Volume 25 Fifty Years of CRIL
Graduate Working Papers

A Pilot Study on Voice-Conditioned Vowel Raising Comparison in the Hockey Community of Practice

Sarah Adams
University of Colorado Boulder

Published 2021-08-22


  • sociolinguistics,
  • Canadian English,
  • sports linguistics,
  • sociophonetics,
  • phonetics

How to Cite

Adams, S. (2021). A Pilot Study on Voice-Conditioned Vowel Raising Comparison in the Hockey Community of Practice. Colorado Research in Linguistics, 25. https://doi.org/10.33011/cril.v25i.1335


This project investigates vowel raising in the hockey community of practice, specifically English-speaking athletes who are were born and raised in Central Canada or in the Northern Cities region of the United States. Research done on “Canadian raising” in North America looks at the type and location of use; I chose a narrow group of speakers based on the dominance of Canadian-born athletes in the community and the stereotype that they “sound Canadian.” The effect of the voicing of a post-vocalic consonant could have a deeper sociolinguistic connection regarding identity and speakers’ occupation. I compared their place of origin with their current place of residence to determine who has more contact with Canadian English speakers and would be influenced by their speech patterns to focus on the sociophonetic question.

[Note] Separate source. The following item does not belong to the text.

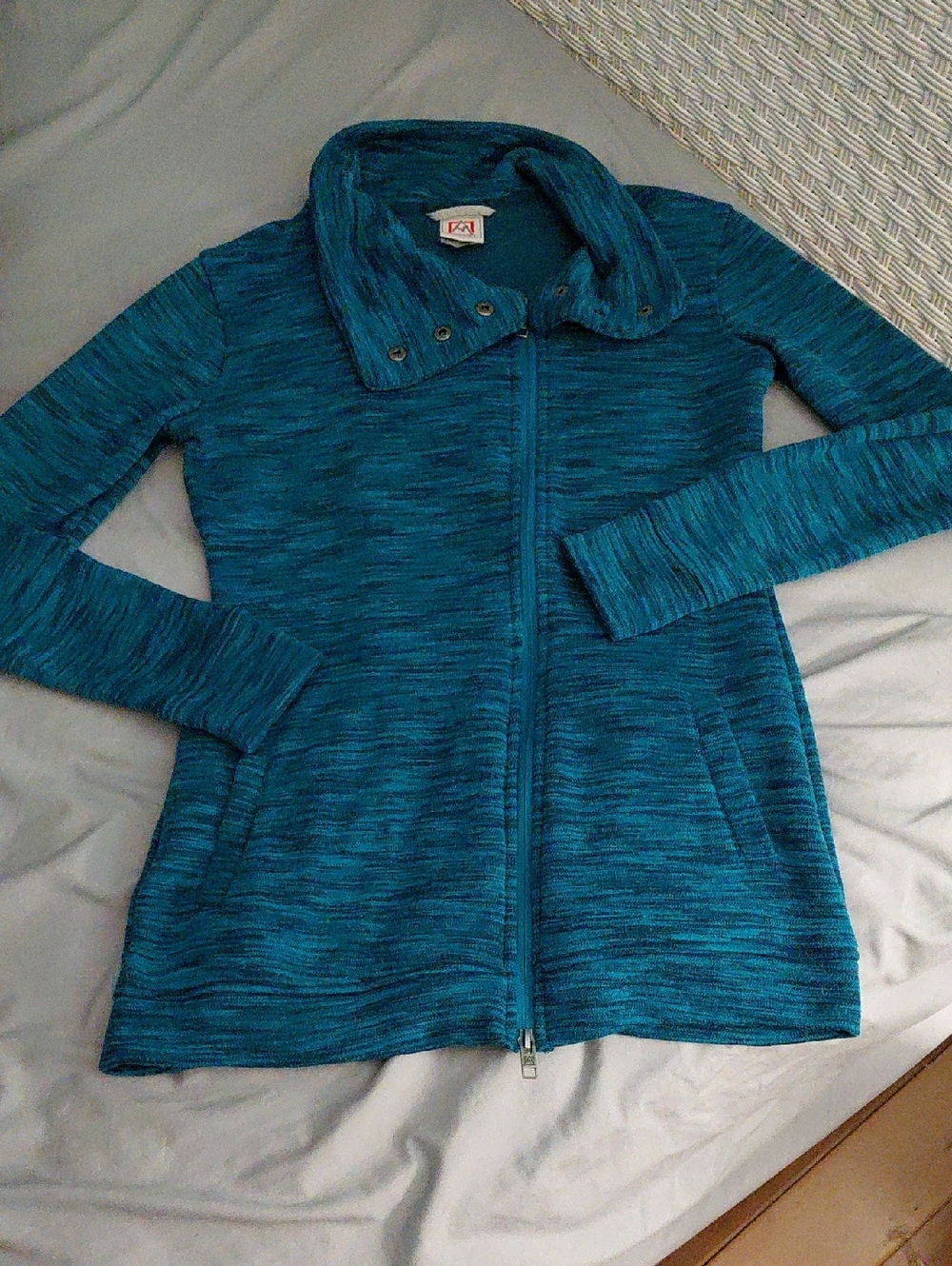 Avalanche Womens Teal Zip-Front Knit Jacket-S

My research question is about the cross-linguistic influence of English-speaking hockey players who are, through professional contact, exposed primarily to Canadian monolingual English speakers. The present study is motivated by sociophonetic considerations, and a focus on groups of athletes for sociolinguistic reasons influenced my choice to investigate this question. Because the raising can also be found in Inland North American English, I chose to include athletes from that region in this data. I recorded and measured examples of the athletes’ connected speech from video interviews and ran t-tests comparing the Canadian-born and American-born athletes together, and then dividing them by current place of residence for additional comparison. The results show promising preliminary results in line with speakers residing in Canada “sounding more Canadian” regardless of place of origin, however the t-tests are not significant. More data being collected in an appropriate setting would enhance these results and further study of multilingual athletes would further inform the sociophonetic aspect pertaining to sense of belonging and conformity in the hockey community of practice.